WHAT THE TASK REQUIRES: Output the entries that follow character for character. Leave every image out.

Short text fragments from websites
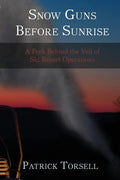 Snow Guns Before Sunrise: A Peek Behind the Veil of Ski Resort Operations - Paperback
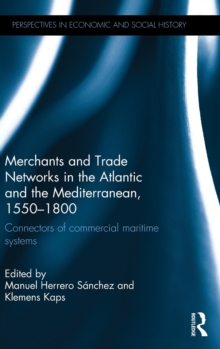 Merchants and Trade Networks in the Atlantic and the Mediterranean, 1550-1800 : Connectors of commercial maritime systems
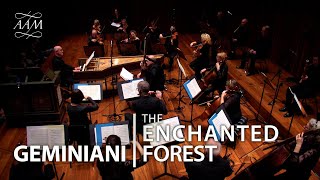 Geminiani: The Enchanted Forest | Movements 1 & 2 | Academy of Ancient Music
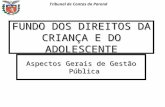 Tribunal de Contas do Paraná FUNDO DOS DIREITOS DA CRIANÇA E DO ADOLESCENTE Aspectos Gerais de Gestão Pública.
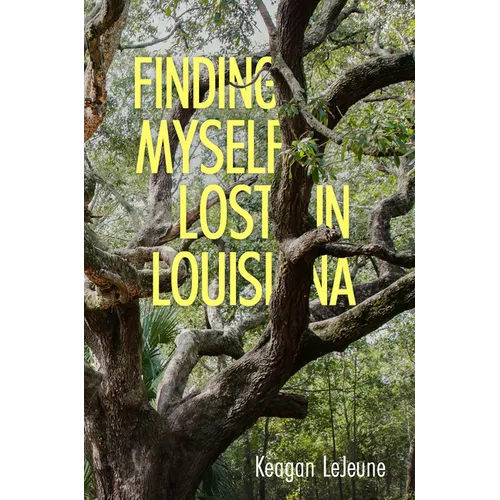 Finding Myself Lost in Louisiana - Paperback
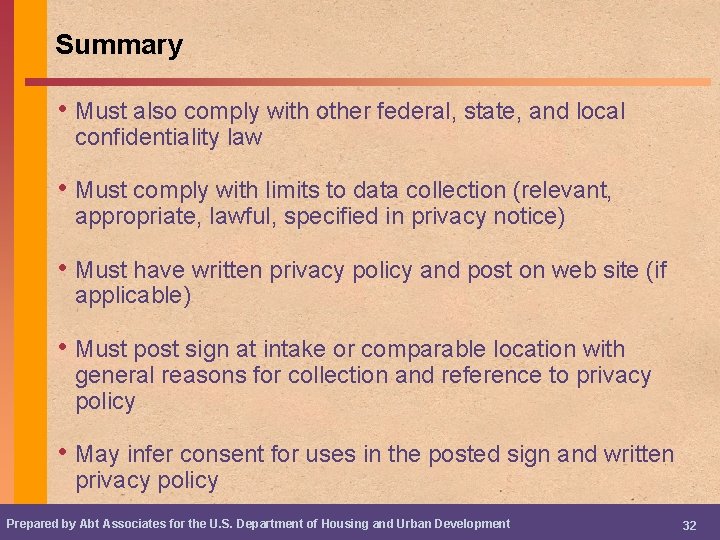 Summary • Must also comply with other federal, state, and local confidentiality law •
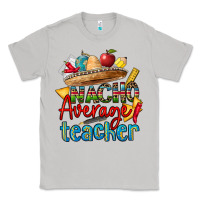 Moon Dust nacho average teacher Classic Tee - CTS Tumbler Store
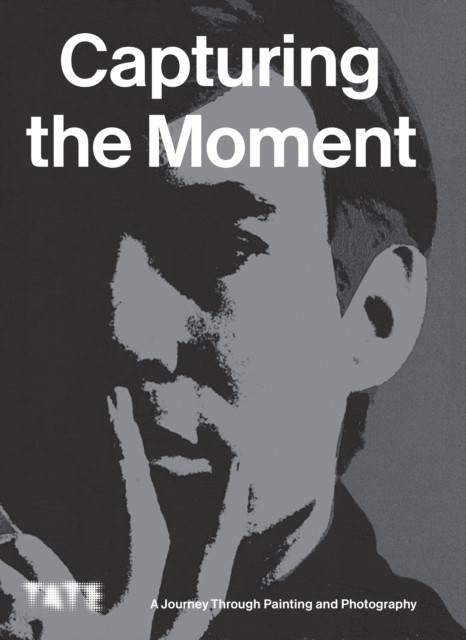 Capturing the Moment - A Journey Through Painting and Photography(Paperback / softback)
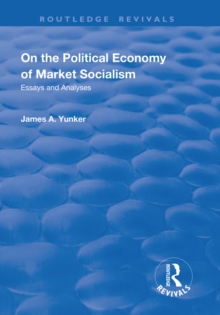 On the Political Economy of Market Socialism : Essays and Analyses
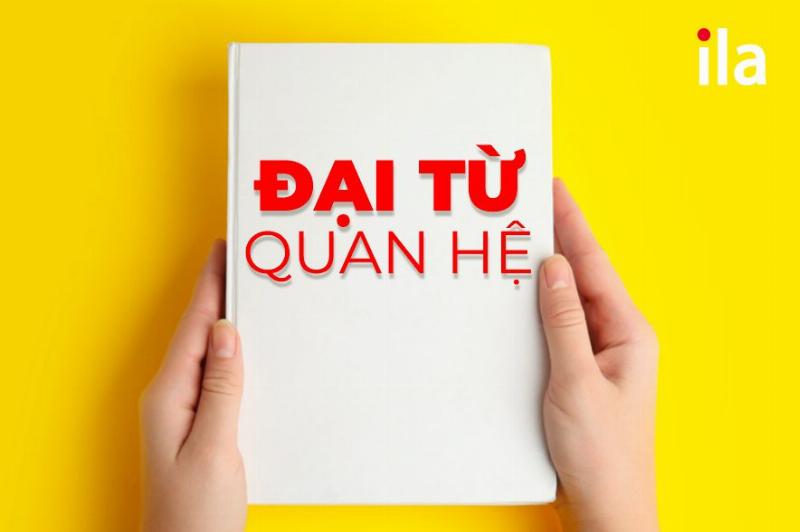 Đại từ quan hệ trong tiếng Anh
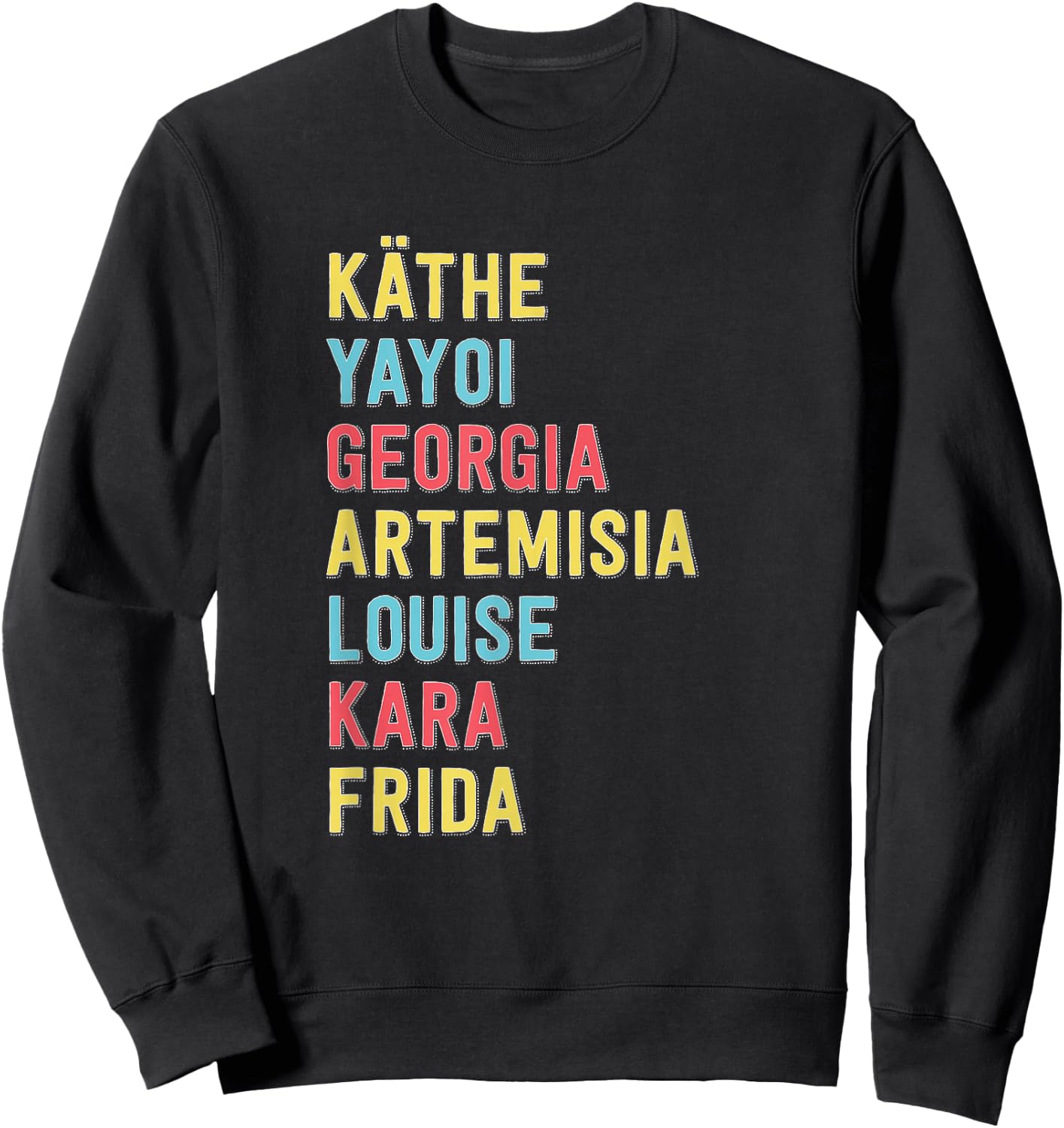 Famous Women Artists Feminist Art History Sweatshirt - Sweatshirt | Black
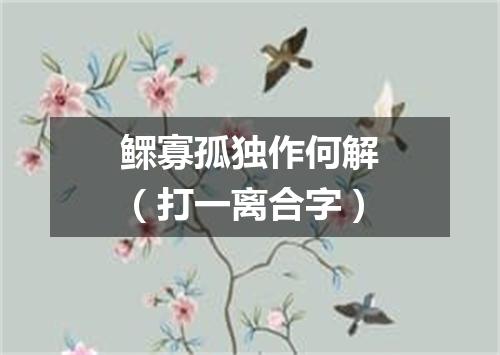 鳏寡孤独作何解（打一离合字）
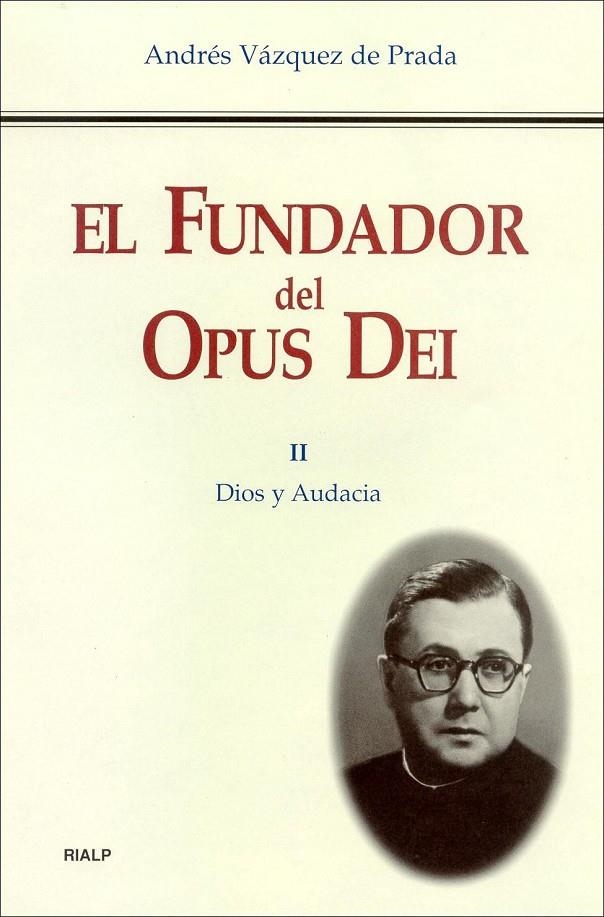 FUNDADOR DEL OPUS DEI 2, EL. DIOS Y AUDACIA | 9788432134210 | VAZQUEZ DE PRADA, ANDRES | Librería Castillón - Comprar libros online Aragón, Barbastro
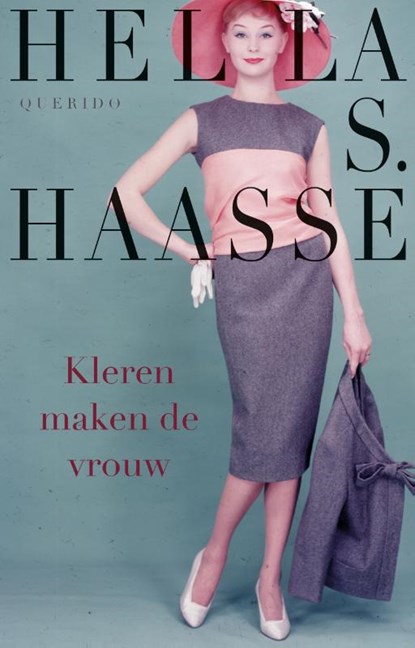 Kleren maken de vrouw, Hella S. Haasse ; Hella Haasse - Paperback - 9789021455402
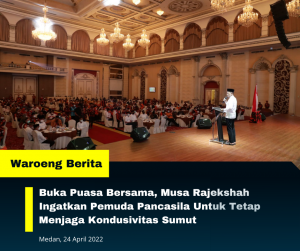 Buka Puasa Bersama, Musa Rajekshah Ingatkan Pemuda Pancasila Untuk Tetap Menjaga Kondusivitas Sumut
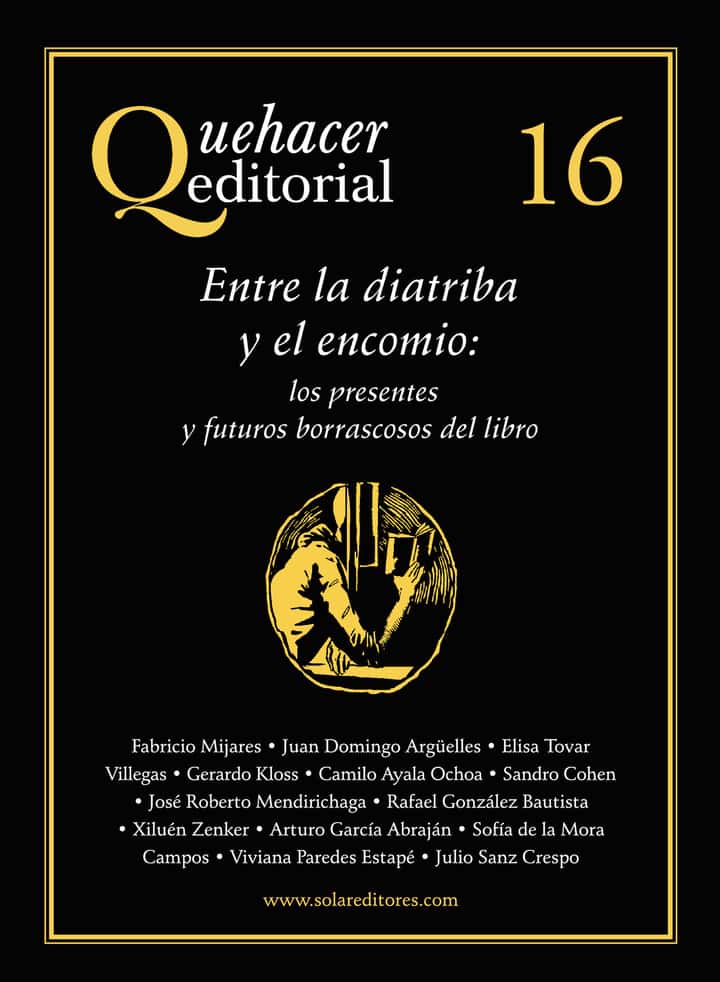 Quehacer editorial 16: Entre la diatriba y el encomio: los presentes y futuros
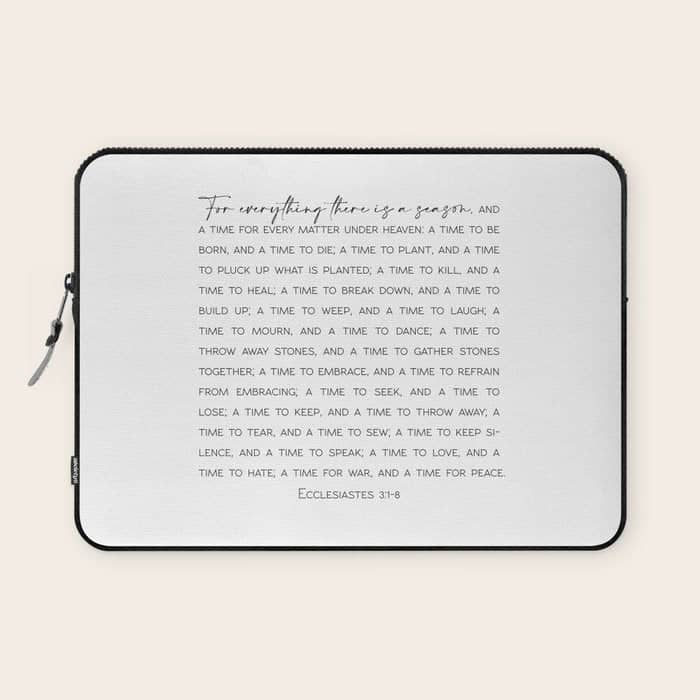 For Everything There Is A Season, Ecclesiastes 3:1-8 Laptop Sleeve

REPLY TO THE TASK:
 Snow Guns Before Sunrise: A Peek Behind the Veil of Ski Resort Operations - Paperback
 Merchants and Trade Networks in the Atlantic and the Mediterranean, 1550-1800 : Connectors of commercial maritime systems
 Geminiani: The Enchanted Forest | Movements 1 & 2 | Academy of Ancient Music
 Tribunal de Contas do Paraná FUNDO DOS DIREITOS DA CRIANÇA E DO ADOLESCENTE Aspectos Gerais de Gestão Pública.
 Finding Myself Lost in Louisiana - Paperback
 Summary • Must also comply with other federal, state, and local confidentiality law •
 Moon Dust nacho average teacher Classic Tee - CTS Tumbler Store
 Capturing the Moment - A Journey Through Painting and Photography(Paperback / softback)
 On the Political Economy of Market Socialism : Essays and Analyses
 Đại từ quan hệ trong tiếng Anh
 Famous Women Artists Feminist Art History Sweatshirt - Sweatshirt | Black
 鳏寡孤独作何解（打一离合字）
 FUNDADOR DEL OPUS DEI 2, EL. DIOS Y AUDACIA | 9788432134210 | VAZQUEZ DE PRADA, ANDRES | Librería Castillón - Comprar libros online Aragón, Barbastro
 Kleren maken de vrouw, Hella S. Haasse ; Hella Haasse - Paperback - 9789021455402
 Buka Puasa Bersama, Musa Rajekshah Ingatkan Pemuda Pancasila Untuk Tetap Menjaga Kondusivitas Sumut
 Quehacer editorial 16: Entre la diatriba y el encomio: los presentes y futuros
 For Everything There Is A Season, Ecclesiastes 3:1-8 Laptop Sleeve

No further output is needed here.